> **PROVIDED INFORMATION**:
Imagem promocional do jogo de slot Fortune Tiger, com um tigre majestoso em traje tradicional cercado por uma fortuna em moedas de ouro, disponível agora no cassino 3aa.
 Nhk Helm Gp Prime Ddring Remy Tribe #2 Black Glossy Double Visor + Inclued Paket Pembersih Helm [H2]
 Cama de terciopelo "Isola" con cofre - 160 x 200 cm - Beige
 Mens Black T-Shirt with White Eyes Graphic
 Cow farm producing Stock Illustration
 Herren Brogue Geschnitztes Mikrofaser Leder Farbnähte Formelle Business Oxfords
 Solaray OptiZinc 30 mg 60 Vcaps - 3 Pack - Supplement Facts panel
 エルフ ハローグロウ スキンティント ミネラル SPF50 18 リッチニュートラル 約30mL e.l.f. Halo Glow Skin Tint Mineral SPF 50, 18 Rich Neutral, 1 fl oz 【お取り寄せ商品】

> **EXERCISE DETAILS**: Your task is to write out every record exactly.

> **ANSWER SPACE**:
Imagem promocional do jogo de slot Fortune Tiger, com um tigre majestoso em traje tradicional cercado por uma fortuna em moedas de ouro, disponível agora no cassino 3aa.
 Nhk Helm Gp Prime Ddring Remy Tribe #2 Black Glossy Double Visor + Inclued Paket Pembersih Helm [H2]
 Cama de terciopelo "Isola" con cofre - 160 x 200 cm - Beige
 Mens Black T-Shirt with White Eyes Graphic
 Cow farm producing Stock Illustration
 Herren Brogue Geschnitztes Mikrofaser Leder Farbnähte Formelle Business Oxfords
 Solaray OptiZinc 30 mg 60 Vcaps - 3 Pack - Supplement Facts panel
 エルフ ハローグロウ スキンティント ミネラル SPF50 18 リッチニュートラル 約30mL e.l.f. Halo Glow Skin Tint Mineral SPF 50, 18 Rich Neutral, 1 fl oz 【お取り寄せ商品】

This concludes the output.